Another parallel suggesting that Mark served as a source work is the placement of this particular incident in the Gospel of Judas. The conversation between Jesus and the disciples about the identity of Jesus follows in the wake of a discussion about a ritual involving bread, in which Jesus says that the disciples don't understand the true meaning of the ceremony and that they are making an improper sacrifice. In the Gospel of Mark, the story about the disciples being unaware of Jesus' true nature also follows in the wake of the disciples misunderstanding a bread metaphor. In Mark, the disciples had only a single loaf of bread and complained, and Jesus criticized them for not comprehending the meaning of the earlier incident involving the multiplication of the loaves of bread. With just a short diversion in which Jesus heals a blind man, Mark's story moves from the chastisement about the bread to the question of Jesus' identity, the same pattern as in the Gospel of Judas.

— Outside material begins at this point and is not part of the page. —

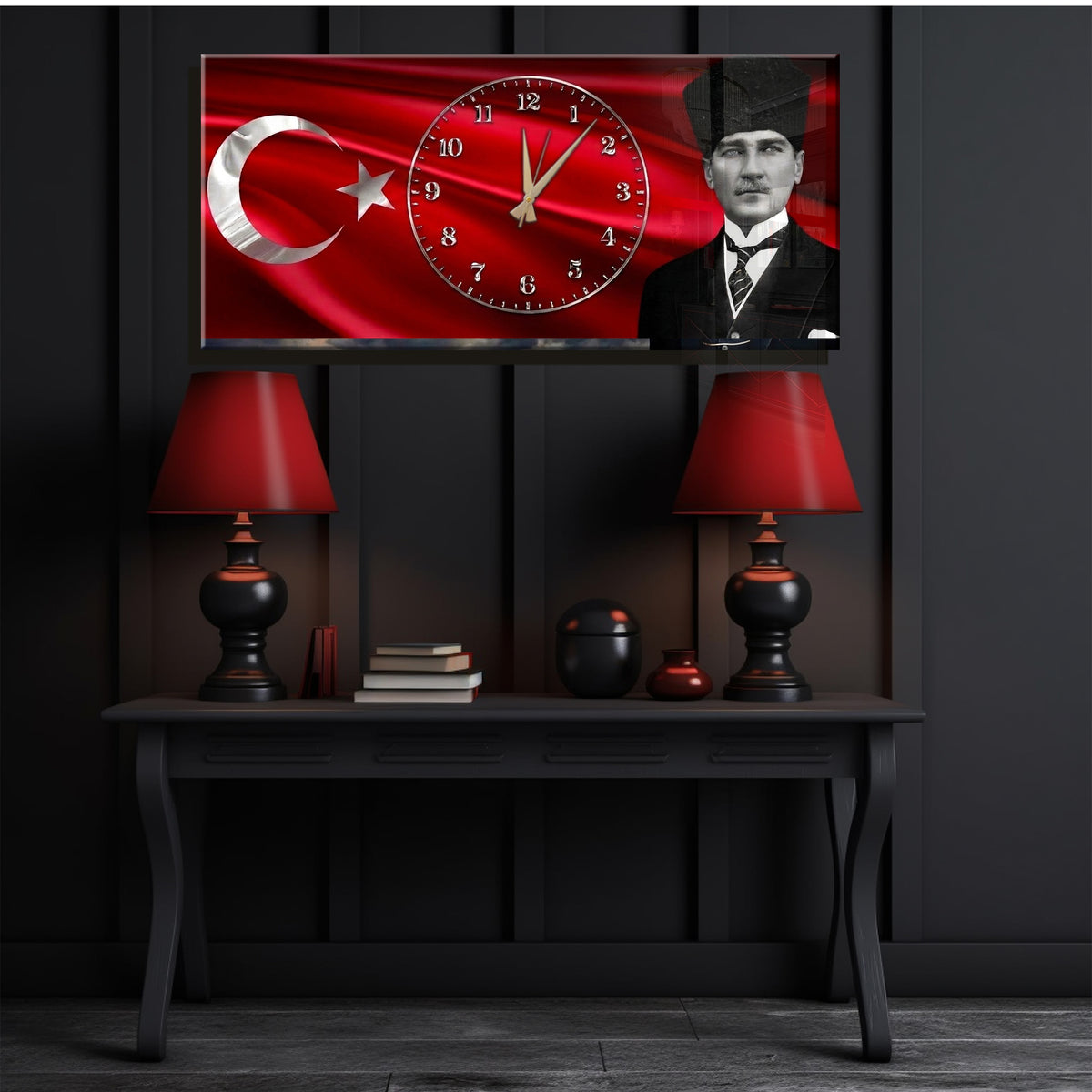 Atatürk temalı Yatay Cam saat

A particularly interesting clue concerns the treatment of Judas when he goes to the priests. Mark mysteriously fails to explain what motivated Judas to go to the priests, leaving open the opportunity for an explanation. Also in Mark, Judas does not ask for any money and only after the fact do the priests offer him payment. (Mark 14:10-11.) In Matthew Judas bargains for money and in Luke and John, Satan induces Judas to act, although John adds the motive of greed to the indictment. In the Gospel of Judas, however, the author seizes on the lack of explanation in Mark and has Jesus request that Judas go to the priests. Then after Judas goes through a spiritual elevation in the presence of Jesus, he suddenly finds himself in front of the priests, and, as in Mark, is offered money only after the fact.

Here is another important clue. In the shorter version of Mark, ending at 16:8, which most scholars believe is where the Gospel originally ended, there is an empty tomb but no actual post-crucifixion appearance of Jesus in human form. This plays into the Gnostic vision, which saw Jesus escaping his human body and ascending to the higher realm. In the Gospel of Judas the story also ends in sudden fashion, immediately after the priests handed Judas the money. There is no post-crucifixion appearance of a human Jesus, an ending consistent with the shorter version of Mark.

Finally, I would note one additional matter, which by itself wouldn't mean much, but in concert with the above evidence, further suggests that the author of the Gospel of Judas used the Gospel of Mark as a source. Mark introduces the parable of the sower (4:1-20), which is followed by Matthew and Luke. In this parable, Jesus teaches that you can't raise plants on a rocky base. In the Gospel of Judas Jesus teaches "It is impossible to sow seed on [rock] and harvest its fruit.